Le soleil créateur est une femme

De nombreux autres mythes témoignent du haut statut qu’ont eut autrefois les femmes aborigènes lors de l’ère matriarcale. Dans la mythologie aborigène, Wala est la déesse du soleil qui vécut avec sa sœur, Bara, et sa belle-sœur, Madalait. Bara l’accompagnait dans sa course solaire tous les jours, mais Wala se rendit compte qu’elle chauffait trop la Terre et lui demanda d’arrêter. Yhi est la déesse de la lumière et de la création ; elle représente également le soleil. Elle aussi créa l’humanité, la faune et la flore.

Dans la mythologie aborigène, Gnowee est une déesse solaire qui vivait déjà sur la Terre avant qu’il n’y ait un soleil. La légende raconte que le bébé de Gnowee s’éloigna alors qu’elle récoltait des yams, et lorsqu’elle partit à sa recherche, elle emporta avec elle une grande torche. Elle la porte encore, et sa torche est le soleil.

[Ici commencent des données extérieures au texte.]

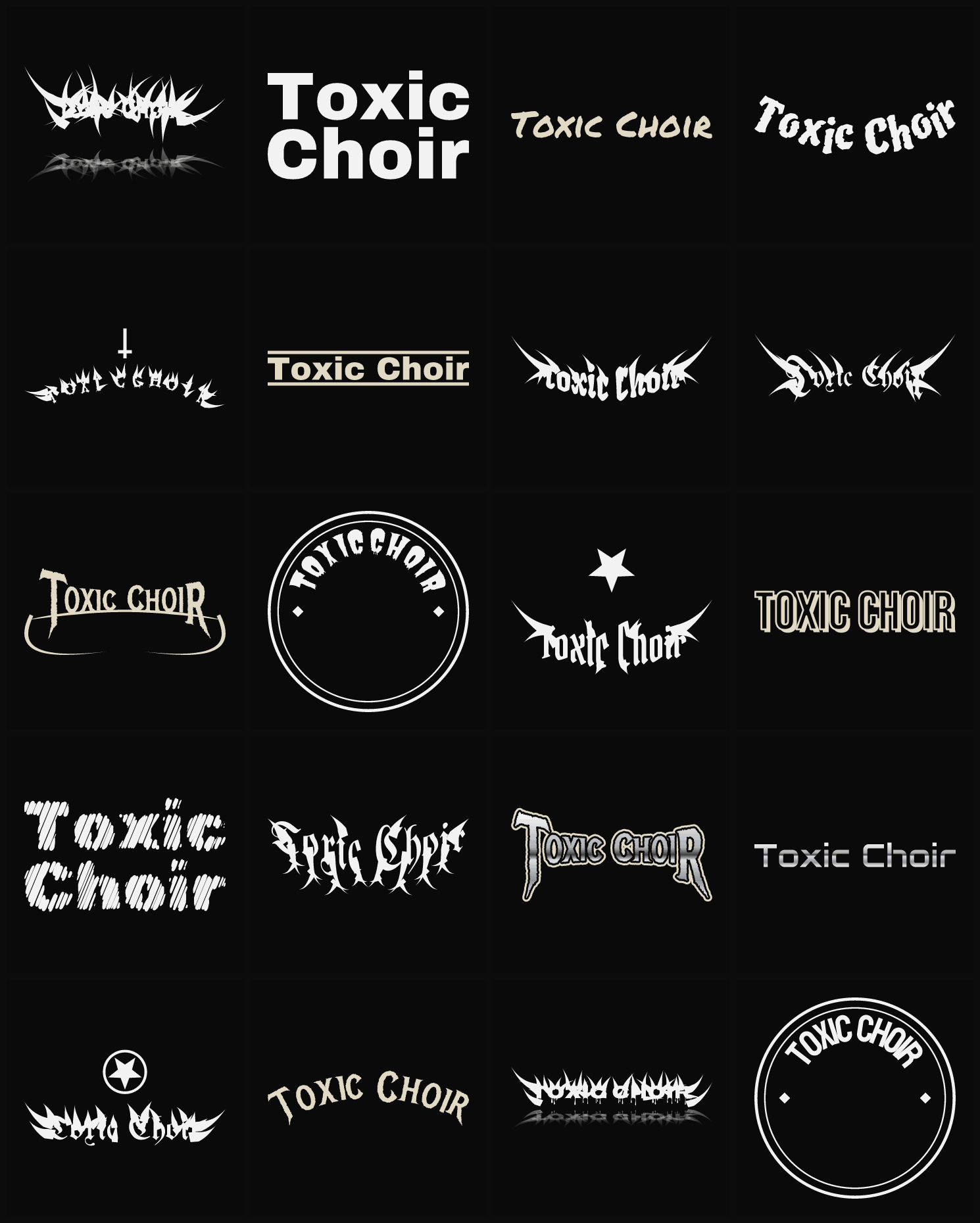 Twenty Toxic Choir band logo ideas — different faces, treatments and spike settings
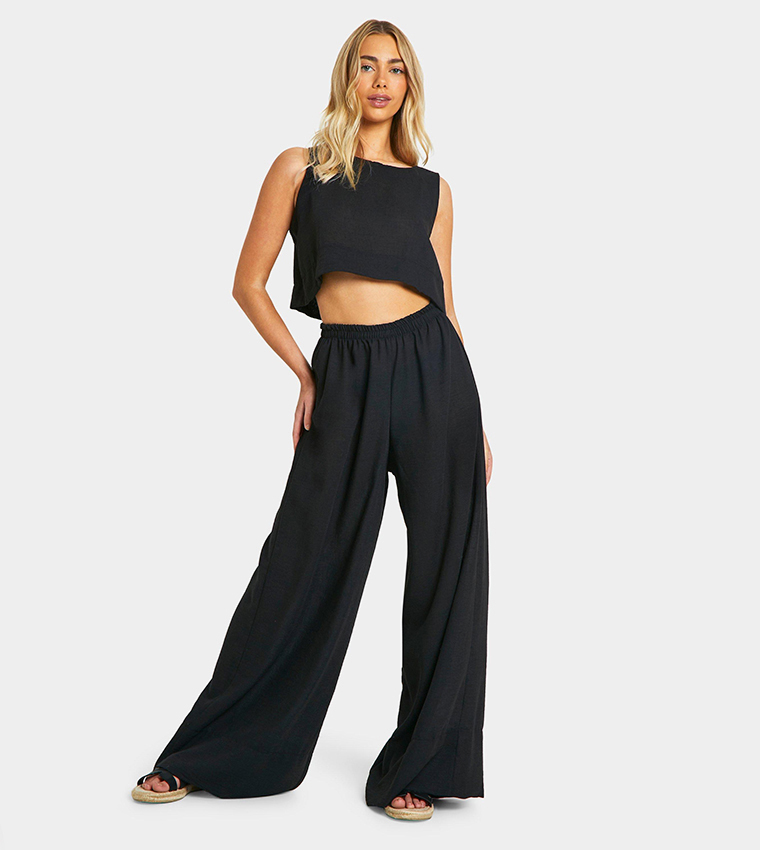 Linen Look Relaxed Fit Crop Top & Wide Leg Trousers Set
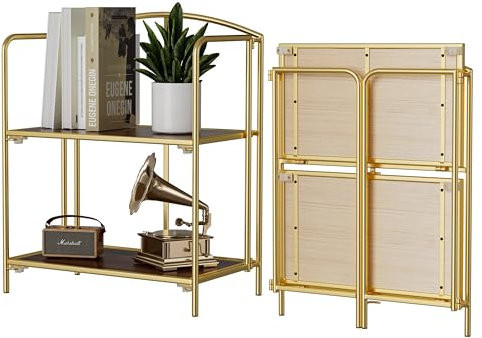 Crofy Klapp-Bücherregal, keine Montage, 2 Etagen, Gold, Metall-Bücherregal zur Aufbewahrung, klappbares Bücherregal für Büroorganisation und Aufbewahrung, 32 x 57 x 72 cm (T x B x H)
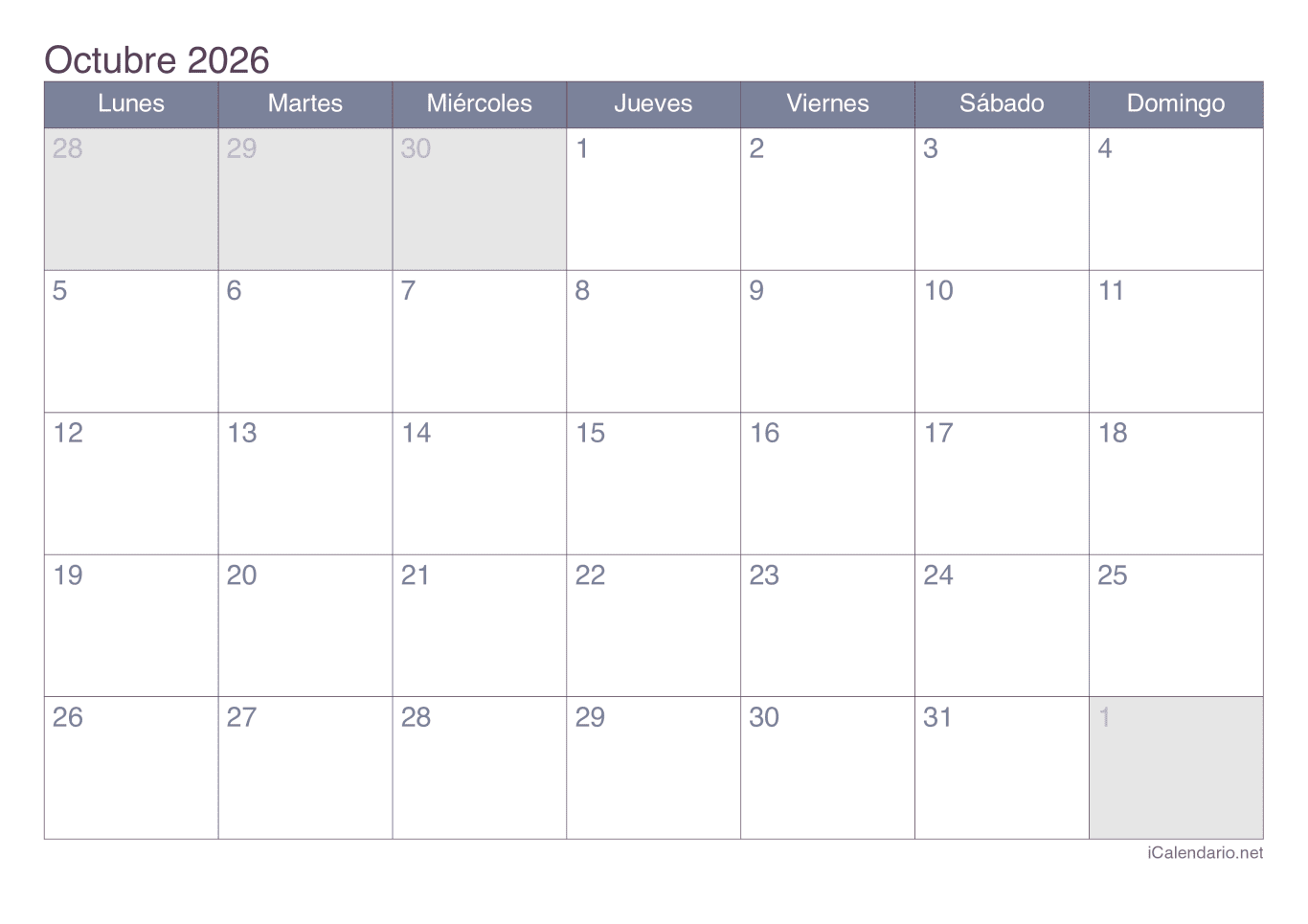 Calendario d'octubre 2026 - Office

Dans la mythologie aborigène, Wuriupranili est une déesse solaire qui porte la torche qu’est le soleil. Le soir, elle plonge sa torche dans l’océan à l’ouest, puis se sert de ses braises pour trouver son chemin en dessous de la terre, et émerger de l’océan au petit matin, à l’est. La légende dit que les couleurs du crépuscule et de l’aube proviennent de la peinture ocre recouvrant le corps de Wuriupranili.